→ **Problem details**:
Please, could you print all the lines below exactly, leaving out the pictures?

→ **Given material**:
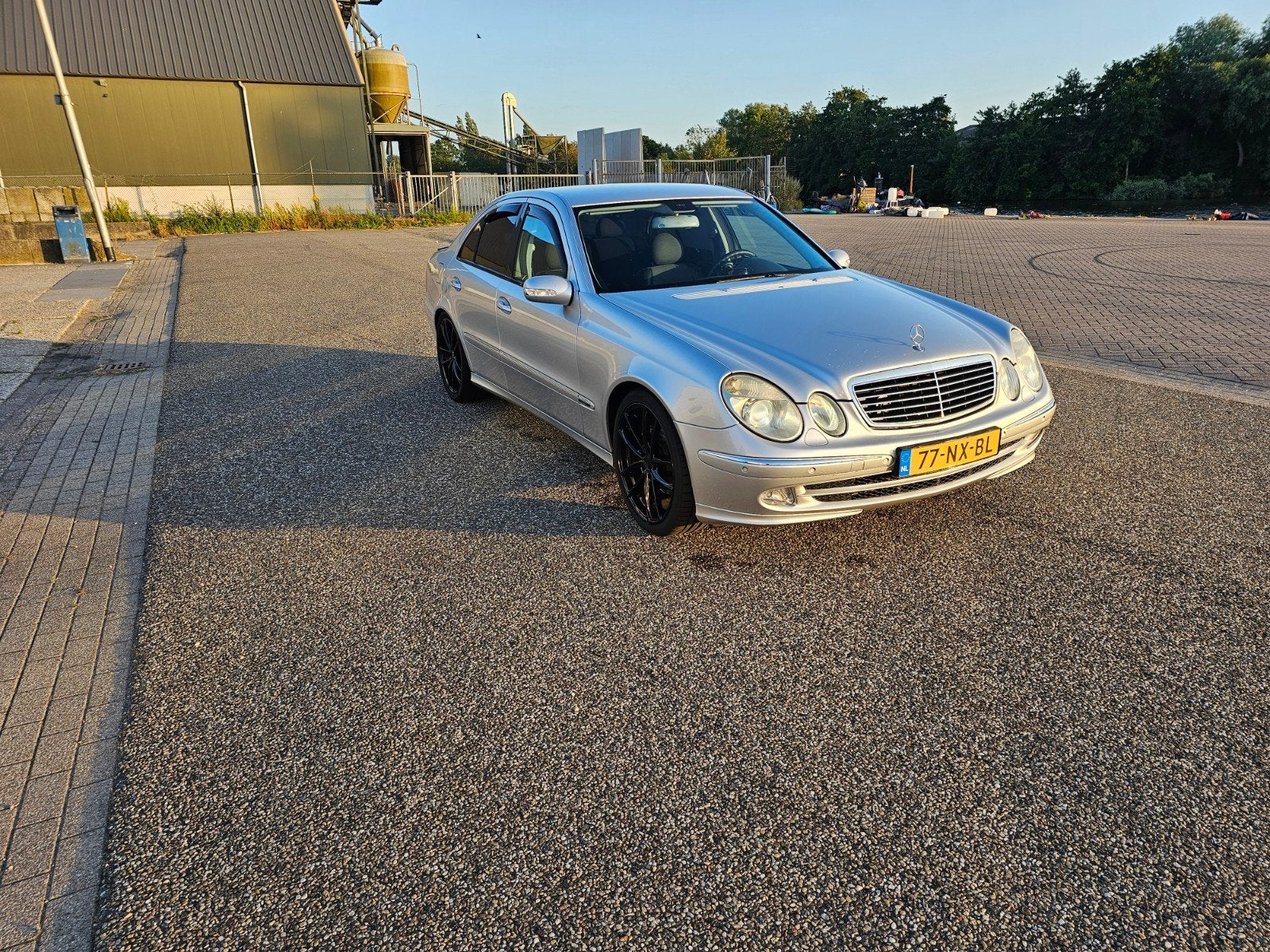 Mercedes-Benz E-Klasse 2.1 CDI E220 Sedan AUT 2004 Grijs, Auto's, Automaat, Zwart, 4 cilinders, Leder en Stof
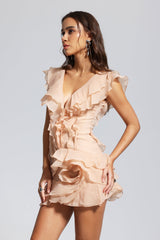 Maura – Asymmetrisches Minikleid mit V-Ausschnitt und Rüschen in Champagner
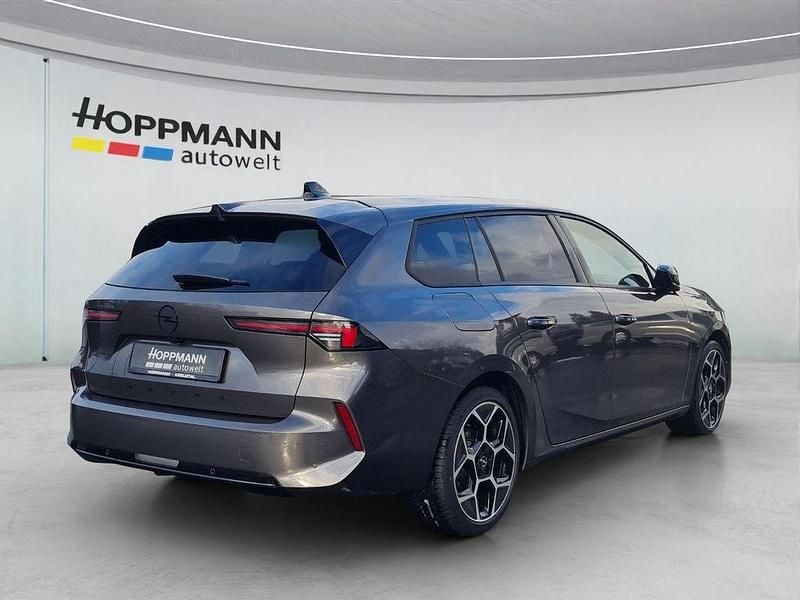 Gebraucht Opel Astra Ultimate 131 PS (96 kW) 2024 Mondstein grau/e:vulkan grau Kombi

→ **Your response**:
 Mercedes-Benz E-Klasse 2.1 CDI E220 Sedan AUT 2004 Grijs, Auto's, Automaat, Zwart, 4 cilinders, Leder en Stof
 Maura – Asymmetrisches Minikleid mit V-Ausschnitt und Rüschen in Champagner
 Gebraucht Opel Astra Ultimate 131 PS (96 kW) 2024 Mondstein grau/e:vulkan grau Kombi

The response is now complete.